Monday, June 7, 2010

Are you weathered or broken?


Weathered:

I lived in Downtown St. Louis for several years, in fact, that is where my daughter was born. The neighborhood I lived in for a year or so was less then appealing to most. I would even venture to say that it was a scary neighborhood. By this point I had seen enough negative things and been exposed to enough that it didn't seem to phase me that on a regular basis you could hear gun shots at night, drive through the neighborhood to see drug raids through near by drug houses. It was a high crime area.

One day I was sitting at a stop light a few blocks from my apartment and witnessed a young man get shot. As I sat at the stop light, the first thought I had was not "RUN!" it was, "Is a shooting like a car accident? Am I supposed to stop and be a witness?" As i watched and thought, the light turned green and I continued my journey to the grocery store as if nothing unusual had just happened right in front of my eyes.

Broken:

Going to years and years of counseling the term "trigger" was used a lot. A trigger being something, whether it be a sight, sound, smell, any thing that will trigger a certin memory or event in your life.

For most of my eating disorder I was considered an anerexic, but by after a year or so of sticking to a strick 200 calorie diet, my body craved food so bad I just had to eat... EVERYTHING! Thats when I entered the balemic anorexic phase. I would binge and binge and binge and then purge everything I just had.

I was working at the Wal-mart bakery at this point, and I remember so many times I would sit there and stuff my face with a whole dozen donuts fresh out of the fryer after work and then purge all of.

Too this day, when I see, smell or think about those donuts it brings me right back to that time in my life, a time I never hope to return to.

HOW DO YOU LET EVENTS EFFECT YOU?

I look back at these two times in my life and now I can make light of them because it seems so far in my past, and a time and place I never want to revisit, but they are burnt in my memory.
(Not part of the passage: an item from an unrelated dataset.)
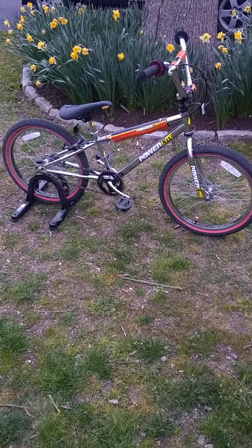Under here we have the original stem — it looks like a mini stem almost. The original seat, original reflectors. Super clean bike, super fun bike.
People often take events and carry them their whole life, which is natural. The real question is how do they affect the rest of your life. Do you let them weather you? Or break you? Neither is a heathy solution. Either you stop caring completely, or you let the fear overwhelm you and can't seem to face your "triggers" without feeling the original emotion.
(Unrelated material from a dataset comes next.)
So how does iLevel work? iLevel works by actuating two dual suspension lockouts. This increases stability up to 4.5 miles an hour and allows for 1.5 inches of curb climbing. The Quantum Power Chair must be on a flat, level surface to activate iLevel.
Really, any event should be what it is, an event. Learn, grow realize who you don't want to be, or who you want to become, but don't let mistakes or judgement errors consume your life. This is something I am still working on. An event or tramatic event only has as much value as you give it.

Not to say that you may not have been hurt, or felt completely lost during the event but as we move on or away from that time, let that event's value stay in its own time. Otherwise the burdien will never be lightened and the event will always bogg your mind, thoughts and actions with the "what if's" and the idea that you can't handle it again.